Из нашей жизни уходит поэзия

Почти каждый божий день – еду ли в метро, шагаю ли по улицам – шепчу стихи наших классиков: то Лермонтова, то Пушкина, то Есенина, но в последние годы, пожалуй, чаще всего Заболоцкого. Он, конечно, не столь знаменит и читаем, как наши поэтические великаны, но вот запал мне в душу его «Можжевеловый куст» и то и дело слетает с губ… Ничего такого у меня с можжевельником этим не связано, но стихи-то на самом деле о другом: об утрате, горечи любви…

…Я заметил во мраке древесных ветвей /Чуть живое подобье улыбки твоей.

И вот что подумал. Ведь наверняка бывают моменты, когда я единственный во всей Вселенной произношу стихи Заболоцкого, вступая с ним в некую духовную перекличку. С Пушкиным, Лермонтовым, Пастернаком, это, конечно, сложнее – их, несмотря даже на резкий спад интереса к поэзии, читают и знают до сих пор многие, а вот с Заболоцким такое абсолютное уединение, думаю, возможно. И от одной этой мысли еще больше дух захватывает, – что ты один из всего человечества в  эту минуту соприкасаешься с душой давно ушедшего огромного поэта и как бы вызываешь его к жизни.

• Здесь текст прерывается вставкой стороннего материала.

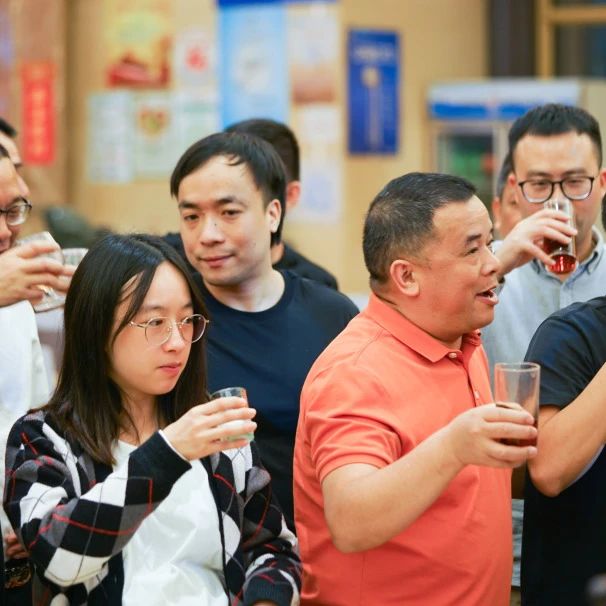 拓路前行·領(lǐng)跑未來 | 集團(tuán)2023年度總結(jié)會暨2024迎新晚會圓滿結(jié)束！(圖33)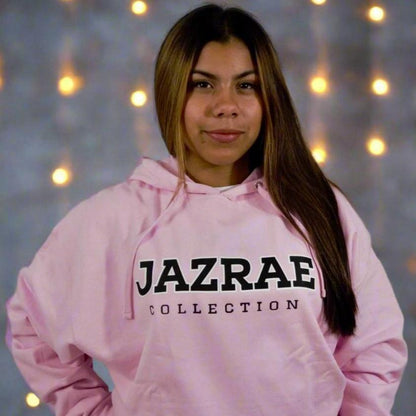 Jazrae Collection Premium Unisex Hoodie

Ну да. Ведь сказал же об этом Пушкин в своем «Памятнике», что весь он не умрет и будет славен, доколь в подлунном мире жив будет хоть один пиит. Ну, я-то не пиит, но в настоящих стихах кое-что смыслю, способен прочувствовать их магию. И пока есть такие читатели, слушатели, будут жить и поэты и вообще настоящие творцы.

У меня, например, язык не повернется сказать, что Высоцкий мертв.

Но вот вопрос: сами-то они на том свете чего-то такое ощущают  – вот эту свою дальнейшую земную жизнь, любовь к ним потомков? Сомневаюсь. Навряд ли.

Опять же по Пушкину – душа поэта остается  «в заветной лире». Не более того.

Так что, выходит, продолжение жизни творца и прежде всего, наверно, поэтов, музыкантов, чьи вещи напрямую взывают к сердцам людей, – только в нас.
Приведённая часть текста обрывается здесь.